[Caption-style text data]
::::::::::

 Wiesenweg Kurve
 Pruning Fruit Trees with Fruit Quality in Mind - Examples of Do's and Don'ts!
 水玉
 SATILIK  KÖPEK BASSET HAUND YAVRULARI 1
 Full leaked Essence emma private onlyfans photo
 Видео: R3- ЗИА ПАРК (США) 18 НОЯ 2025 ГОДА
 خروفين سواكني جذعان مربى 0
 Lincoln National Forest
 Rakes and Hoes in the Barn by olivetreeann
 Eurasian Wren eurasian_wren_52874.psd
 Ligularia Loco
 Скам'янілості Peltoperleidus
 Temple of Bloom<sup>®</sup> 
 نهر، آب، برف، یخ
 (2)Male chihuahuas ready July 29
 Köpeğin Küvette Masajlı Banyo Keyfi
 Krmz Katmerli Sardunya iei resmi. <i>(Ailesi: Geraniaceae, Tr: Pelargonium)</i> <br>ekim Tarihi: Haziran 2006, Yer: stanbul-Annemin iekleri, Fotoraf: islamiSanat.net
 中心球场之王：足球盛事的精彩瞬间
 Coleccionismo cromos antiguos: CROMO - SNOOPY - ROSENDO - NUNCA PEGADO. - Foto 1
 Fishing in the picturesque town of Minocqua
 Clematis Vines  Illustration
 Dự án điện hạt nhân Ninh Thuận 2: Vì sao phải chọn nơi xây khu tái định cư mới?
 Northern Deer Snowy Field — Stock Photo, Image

::::::::::

Exercise: All of the entries are to be transcribed exactly.

Solved problem:
 Wiesenweg Kurve
 Pruning Fruit Trees with Fruit Quality in Mind - Examples of Do's and Don'ts!
 水玉
 SATILIK  KÖPEK BASSET HAUND YAVRULARI 1
 Full leaked Essence emma private onlyfans photo
 Видео: R3- ЗИА ПАРК (США) 18 НОЯ 2025 ГОДА
 خروفين سواكني جذعان مربى 0
 Lincoln National Forest
 Rakes and Hoes in the Barn by olivetreeann
 Eurasian Wren eurasian_wren_52874.psd
 Ligularia Loco
 Скам'янілості Peltoperleidus
 Temple of Bloom<sup>®</sup> 
 نهر، آب، برف، یخ
 (2)Male chihuahuas ready July 29
 Köpeğin Küvette Masajlı Banyo Keyfi
 Krmz Katmerli Sardunya iei resmi. <i>(Ailesi: Geraniaceae, Tr: Pelargonium)</i> <br>ekim Tarihi: Haziran 2006, Yer: stanbul-Annemin iekleri, Fotoraf: islamiSanat.net
 中心球场之王：足球盛事的精彩瞬间
 Coleccionismo cromos antiguos: CROMO - SNOOPY - ROSENDO - NUNCA PEGADO. - Foto 1
 Fishing in the picturesque town of Minocqua
 Clematis Vines  Illustration
 Dự án điện hạt nhân Ninh Thuận 2: Vì sao phải chọn nơi xây khu tái định cư mới?
 Northern Deer Snowy Field — Stock Photo, Image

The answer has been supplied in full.